如果查找数据很小,那么您可以创建 Map
和 broadcast
它。 broadcasted map
可以很容易地在 udf 中使用,如下所示-
加载提供的测试数据
val data = List(
("20", "score", "school", 14 ,12),
("21", "score", "school", 13 , 13),
("22", "rate", "school", 11 ,14),
("23", "score", "school", 11 ,14),
("24", "rate", "school", 12 ,12),
("25", "score", "school", 11 ,14)
)
val df = data.toDF("id", "code", "entity", "value1","value2")
df.show
/**
* +---+-----+------+------+------+
* | id| code|entity|value1|value2|
* +---+-----+------+------+------+
* | 20|score|school| 14| 12|
* | 21|score|school| 13| 13|
* | 22| rate|school| 11| 14|
* | 23|score|school| 11| 14|
* | 24| rate|school| 12| 12|
* | 25|score|school| 11| 14|
* +---+-----+------+------+------+
*/
//this look up data populated from DB.
val ll = List(
("aaaa", 11),
("aaa", 12),
("aa", 13),
("a", 14)
)
val codeValudeDf = ll.toDF( "code", "value")
codeValudeDf.show
/**
* +----+-----+
* |code|value|
* +----+-----+
* |aaaa| 11|
* | aaa| 12|
* | aa| 13|
* | a| 14|
* +----+-----+
*/
broadcasted map
可以在 udf 中轻松使用,如下所示-
val lookUp = spark.sparkContext
.broadcast(codeValudeDf.map{case Row(code: String, value: Integer) => value -> code}
.collect().toMap)
val look_up = udf((value: Integer) => lookUp.value.get(value))
df.withColumn("value1",
when($"code" === "score", look_up($"value1")).otherwise($"value1".cast("string")))
.withColumn("value2",
when($"code" === "score", look_up($"value2")).otherwise($"value2".cast("string")))
.show(false)
/**
* +---+-----+------+------+------+
* |id |code |entity|value1|value2|
* +---+-----+------+------+------+
* |20 |score|school|a |aaa |
* |21 |score|school|aa |aa |
* |22 |rate |school|11 |14 |
* |23 |score|school|aaaa |a |
* |24 |rate |school|12 |12 |
* |25 |score|school|aaaa |a |
* +---+-----+------+------+------+
*/
使用广播地图确实看起来是一个明智的决定,因为您不需要每次都访问数据库来提取查找数据。

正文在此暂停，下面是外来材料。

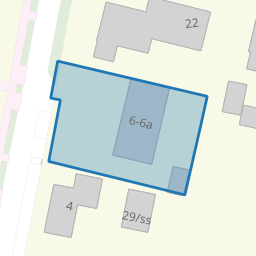 Perceel WIJ03-F-3664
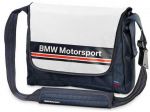 Borsa BMW Motorsport 80302208135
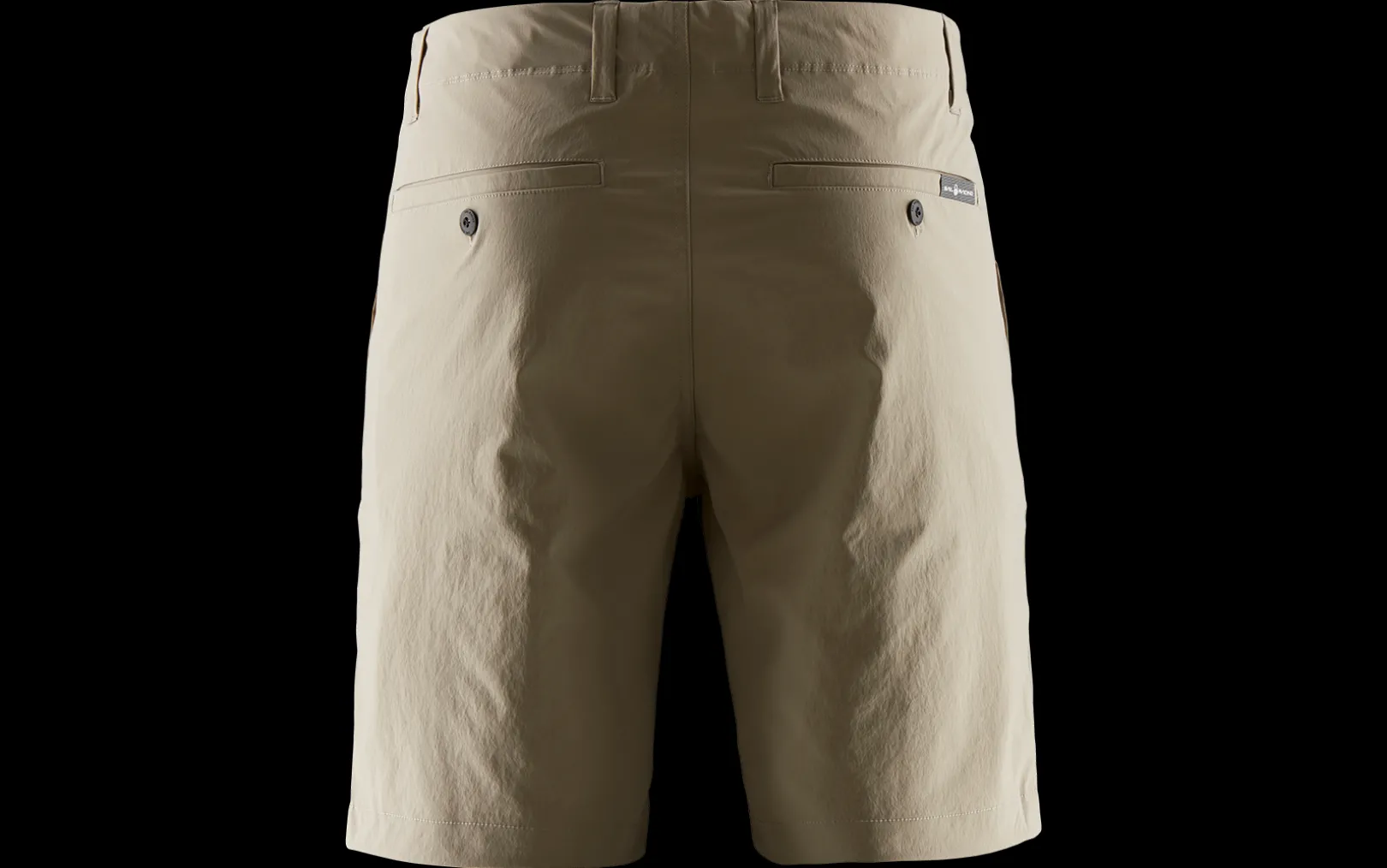 race_chino_shorts_1-6.webp RACE CHINO SHORTS
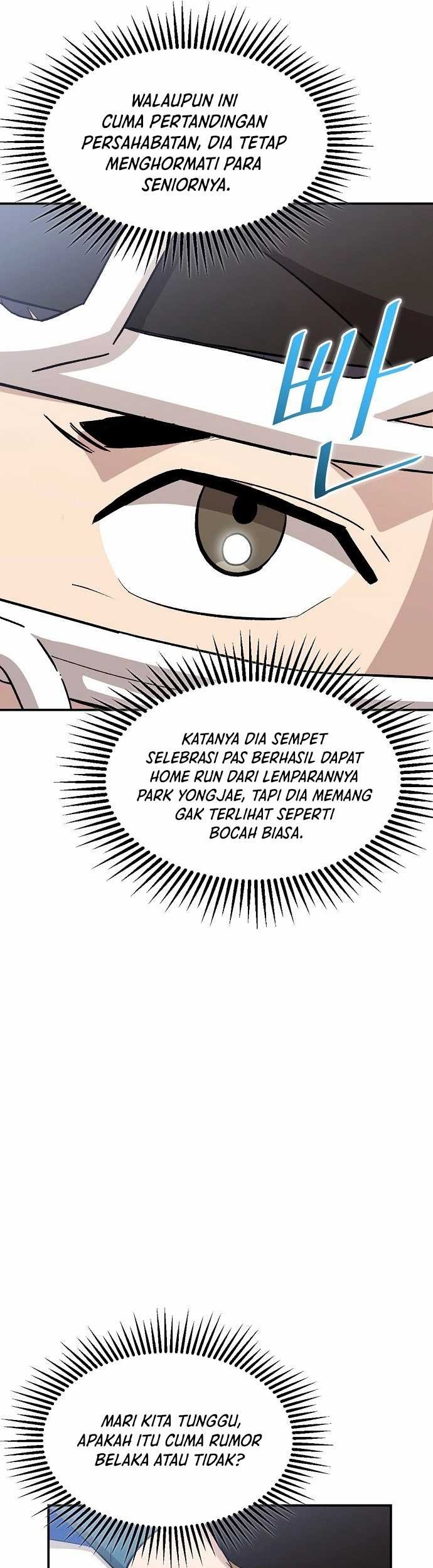 Chapter 11 - halaman 25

在这里,我已经使用 UDF 中的键值映射解决了这个问题。我无法比较它的性能 w.r.t。广播地图方法,但欢迎 Spark 专家提出意见。
步骤# 1: 构建 KeyValueMap -
val data = List(
("20", "score", "school", 14 ,12),
("21", "score", "school", 13 , 13),
("22", "rate", "school", 11 ,14),
("23", "score", "school", 11 ,14),
("24", "rate", "school", 12 ,12),
("25", "score", "school", 11 ,14)
)
val df = data.toDF("id", "code", "entity", "value1","value2")
val ll = List(
("aaaa", 11),
("aaa", 12),
("aa", 13),
("a", 14)
)
val codeValudeDf = ll.toDF( "code", "value")

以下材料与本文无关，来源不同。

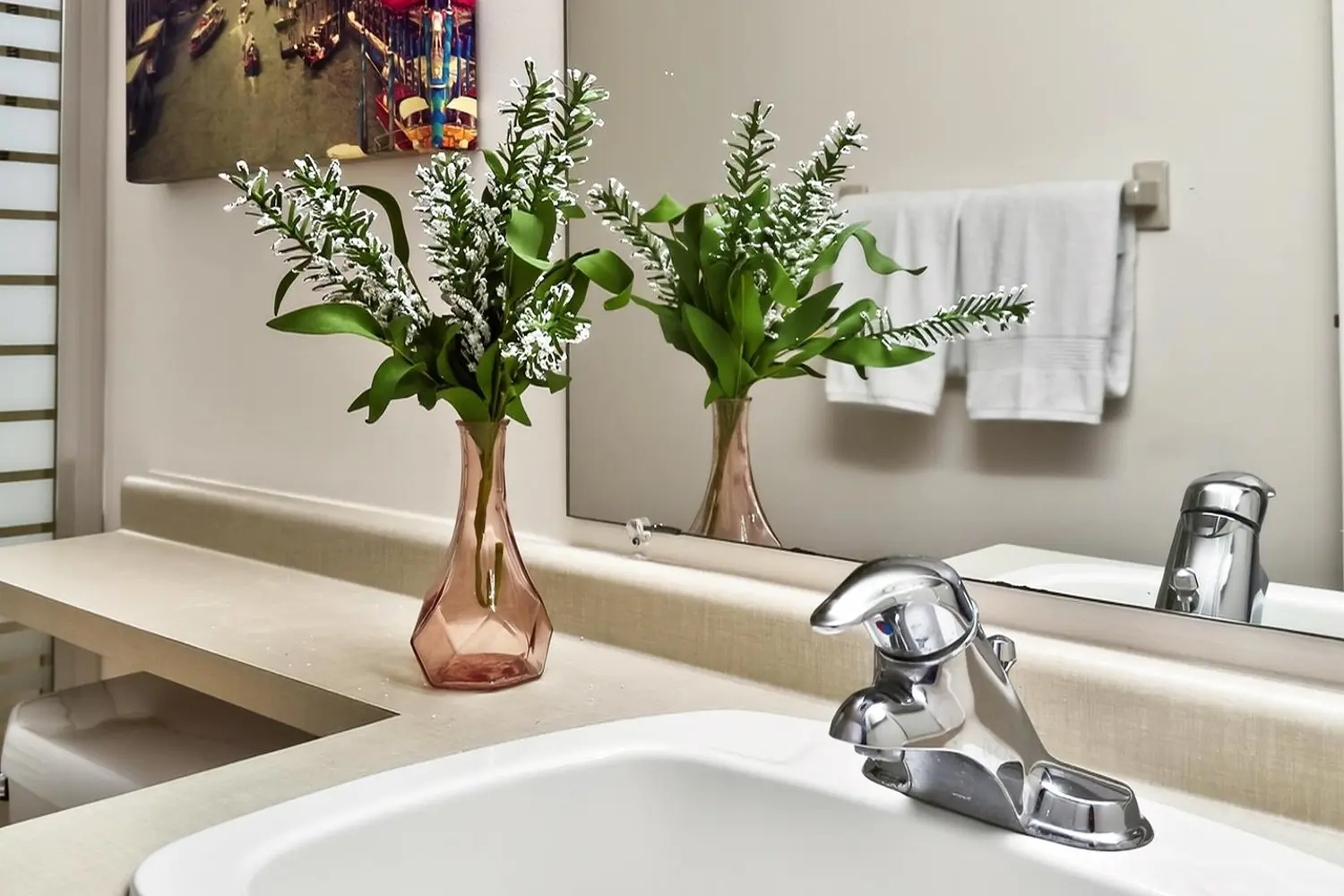 Additional image 9 of 115 Barrett Court 503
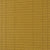 Hush Clad Acoustic Wall Panels - Accordion Mirror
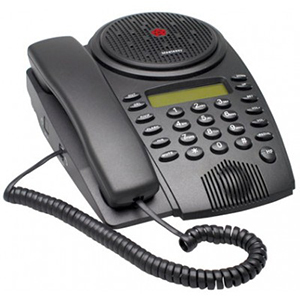 Điện thoại hội nghị Meeteasy Mini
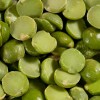 Shiloh Farms Green Split Peas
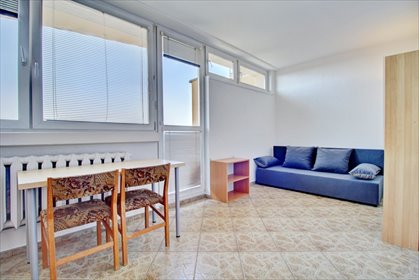mieszkanie na wynajem 23m2 mieszkanie Wrocław, Fabryczna, Grabiszyn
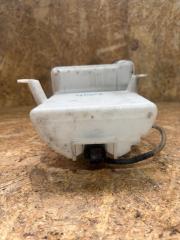 Бачок стеклоомывателя TOYOTA PLATZ NCP16 060351-995 4 ракурс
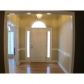 132 Sweet Gum Trail, Mcdonough, GA 30252 ID:12106418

val Keys = codeValudeDf.select("value").collect().map(_(0).toString).toList
val Values = codeValudeDf.select("code").collect().map(_(0).toString).toList
val KeyValueMap = Keys.zip(Values).toMap
步骤 # 2: 创建 UDF
def CodeToValue(code: String, key: String): String = {
if (key == null) return ""
if (code != "score") return key
val result: String = KeyValueMap.getOrElse(key,"not found!")
return result }
val CodeToValueUDF = udf (CodeToValue(_:String, _:String):String )
步骤 # 3: 在原始数据帧中使用 UDF 添加派生列
val newdf = df.withColumn("Col1", CodeToValueUDF(col("code"), col("value1")))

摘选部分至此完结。